If they apply to one, they should apply to all. As I read it, it applies to candidates for office in the defined campaign periods…. But everything the FCC chairman says is confusing due to his lack of broadcast experience.
 
If they apply to one, they should apply to all. As I read it, it applies to candidates for office in the defined campaign periods…. But everything the FCC chairman says is confusing due to his lack of broadcast experience.
Isn’t this already on the books with equal time?
 
Isn’t this already on the books with equal time?

Yes ... sort of. During political campaigns, stations cannot -- other than for news purposes -- have an announced candidate for office on their airwaves without offering an equal amount of time to any and all competing candidates on the ballot.

What Chairman Dumbass, with his aforementioned lack of broadcast experience and knowledge, wants is to apply the Equal Time Rule outside of campaigns and force rebuttals to anything a current office holder disagrees with (*cough cough* provided they are Republicans *cough cough*). Where this will run afoul of the rule as written is that, outside of a campaign, there are no candidates per se so any such comments could not be made by an official "competing candidate".
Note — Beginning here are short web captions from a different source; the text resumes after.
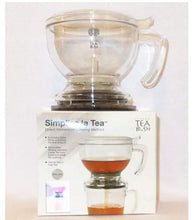 Load image into Gallery viewer, SIMPLISS A TEA - DIRECT IMMERSION TEA BREWING BY fINE line.
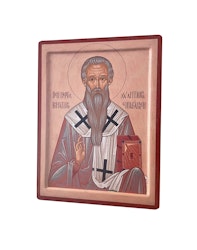 Den helige Ignatios av Antiokia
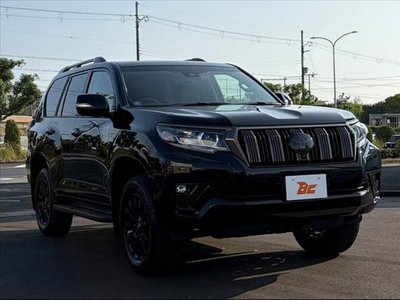 2022 Toyota LAND CRUISER PRADO — фото 8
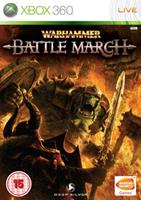 Bandai Namco Warhammer Battle March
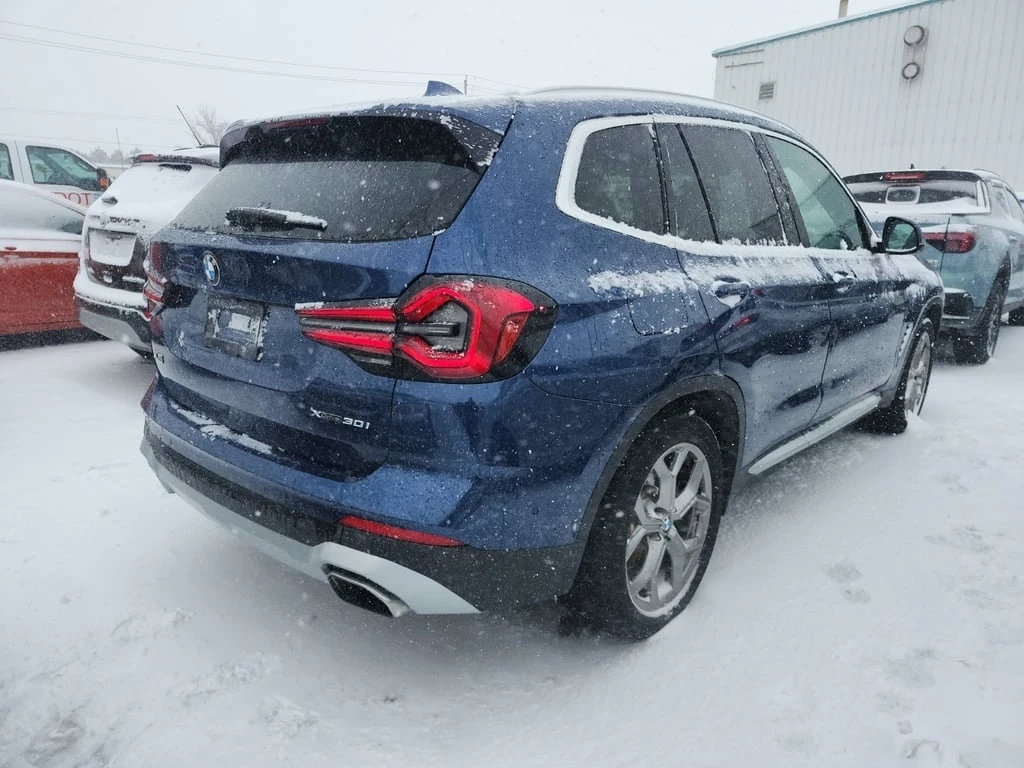 BMW X3 * XDRIVE30I * CARFAX *  - изображение 3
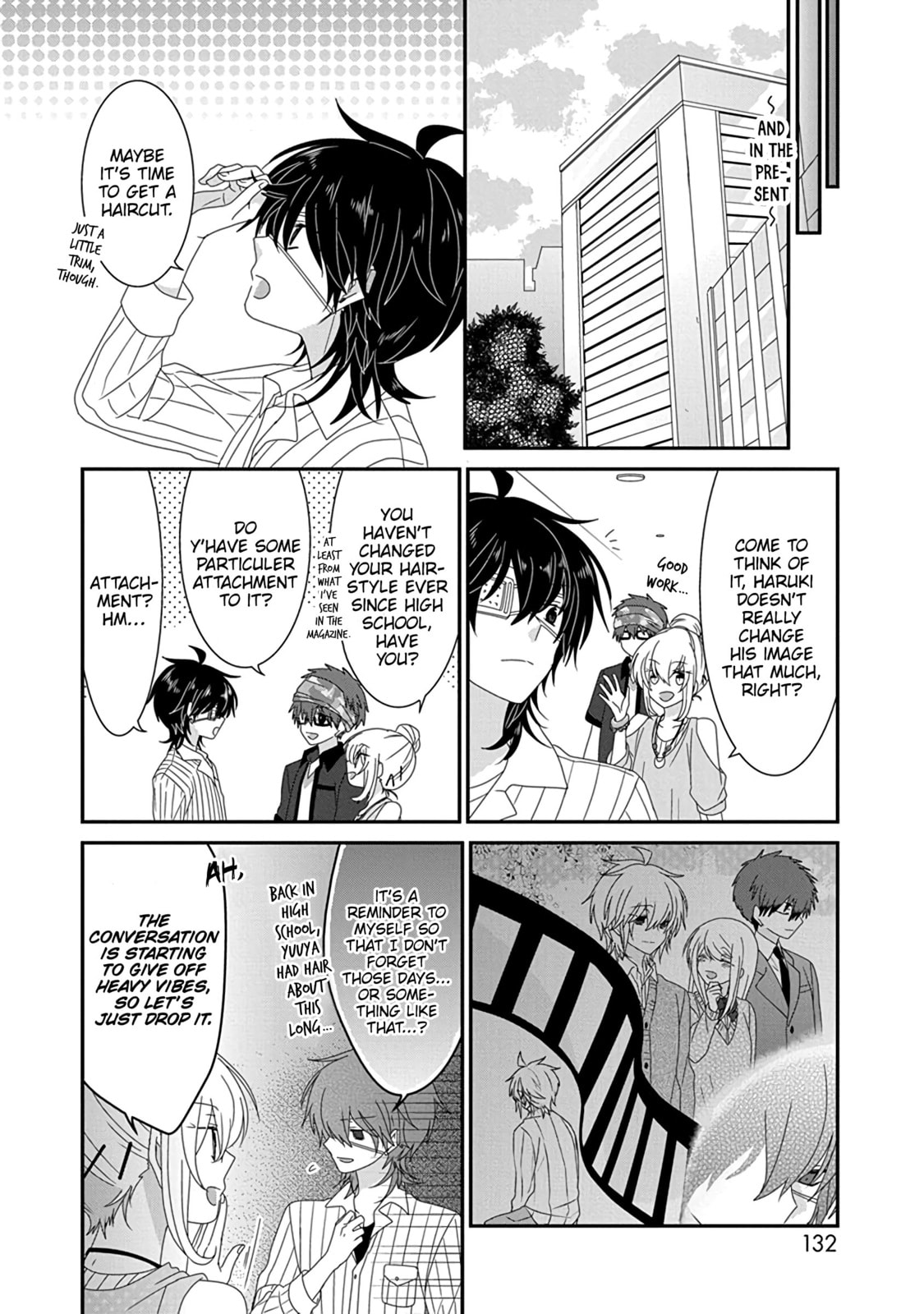 Read Nukoduke! chapter 173.2 image 4 on Lezhin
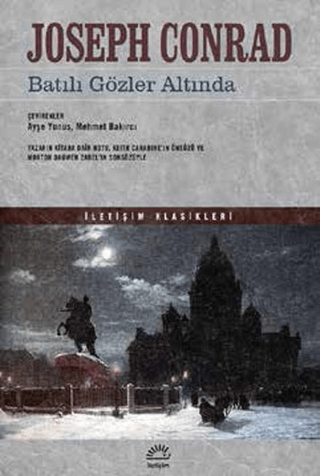 Batılı Gözler Altında, Joseph Conrad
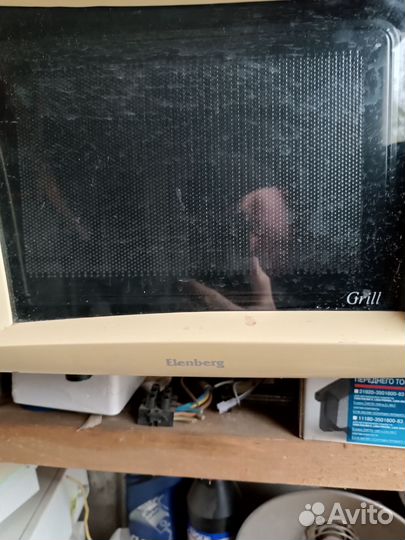 Микроволновая печь Elenberg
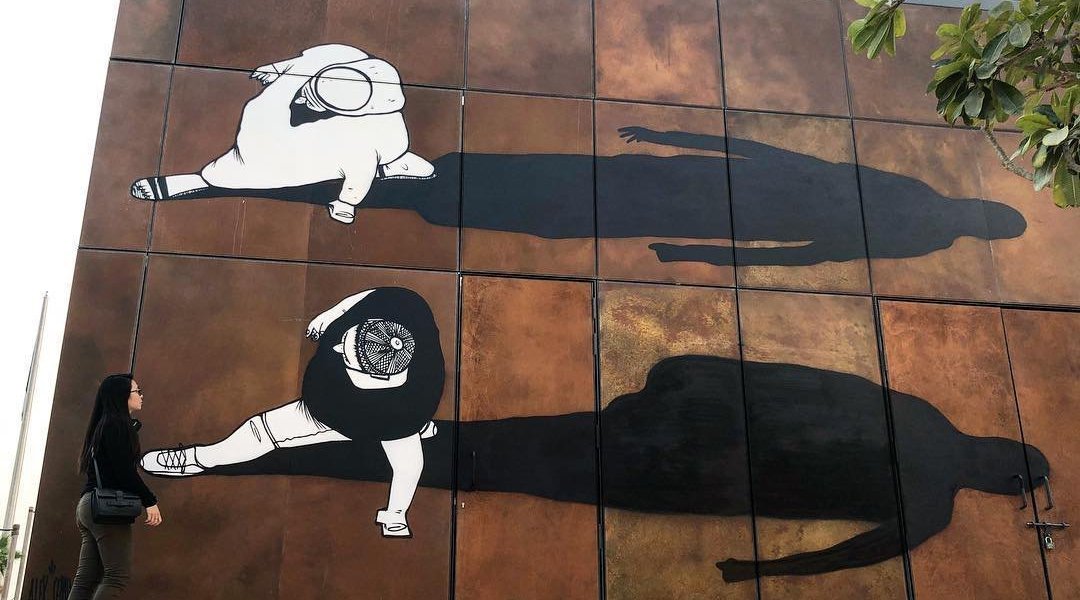 Alex Senna @Dubai, United Arab Emirates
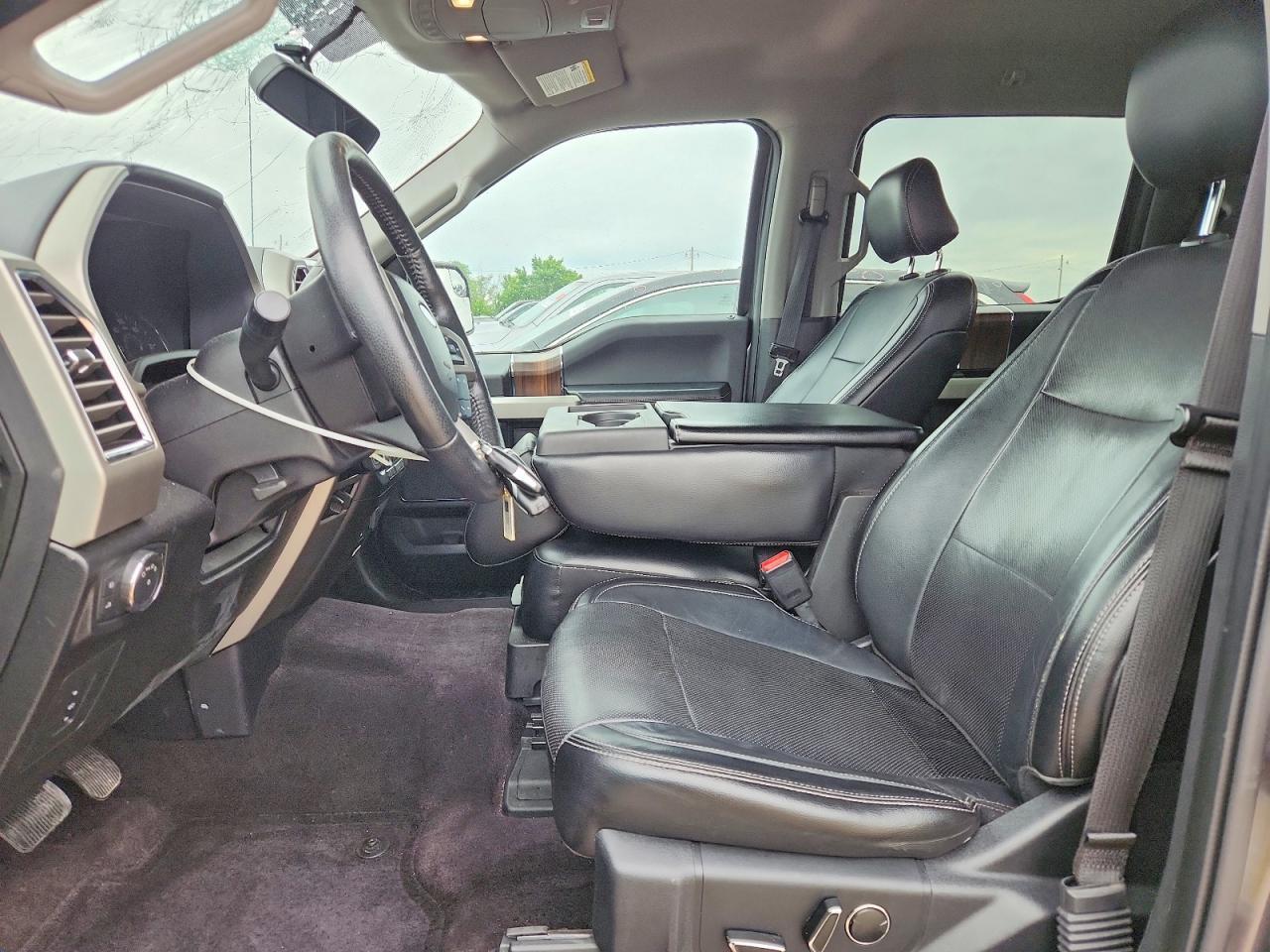 2016 FORD F-150 Lightning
I expect a challenge just on that basis.
 
Yes ... sort of. During political campaigns, stations cannot -- other than for news purposes -- have an announced candidate for office on their airwaves without offering an equal amount of time to any and all competing candidates on the ballot.
Interestingly, according to our FCC Counsel, this is not exactly the rule. The station has no obligation to proactively "offer" equal time to any and all competing candidates. According to FCC Section 315, the candidate or campaign must formally request equal time within seven days of the appearance of the competing candidate, and the station must decide whether the equal time rule applies. Section 315 also says stations should promptly put the appearance in their public file, but that's if they plausibly believe this was not a bona fide news appearance.
 
According to FCC Section 315, the candidate or campaign must formally request equal time within seven days of the appearance

Correct. In fact that's what the president did after Harris appeared on SNL. NBC made a deal with his campaign.



It was "equal time," not the same time or treatment.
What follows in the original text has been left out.